══ Dataset extract ══

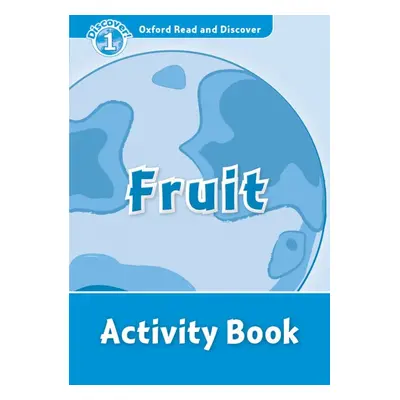 Oxford Read and Discover 1 Fruit Activity Book Oxford University Press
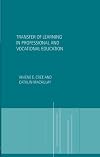 Transfer of Learning in Professional and Vocational Education: Handbook for Social Work Trainers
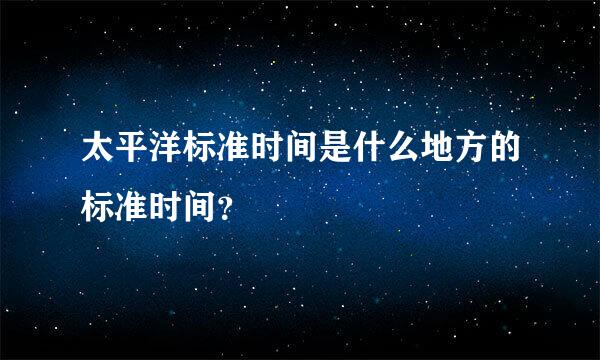 太平洋标准时间是什么地方的标准时间？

═══

◆ **Task to complete**:
Although the material contains pictures, only the lines are to be written out, exactly as they stand.

◆ **Response box**:
 Oxford Read and Discover 1 Fruit Activity Book Oxford University Press
 Transfer of Learning in Professional and Vocational Education: Handbook for Social Work Trainers
 太平洋标准时间是什么地方的标准时间？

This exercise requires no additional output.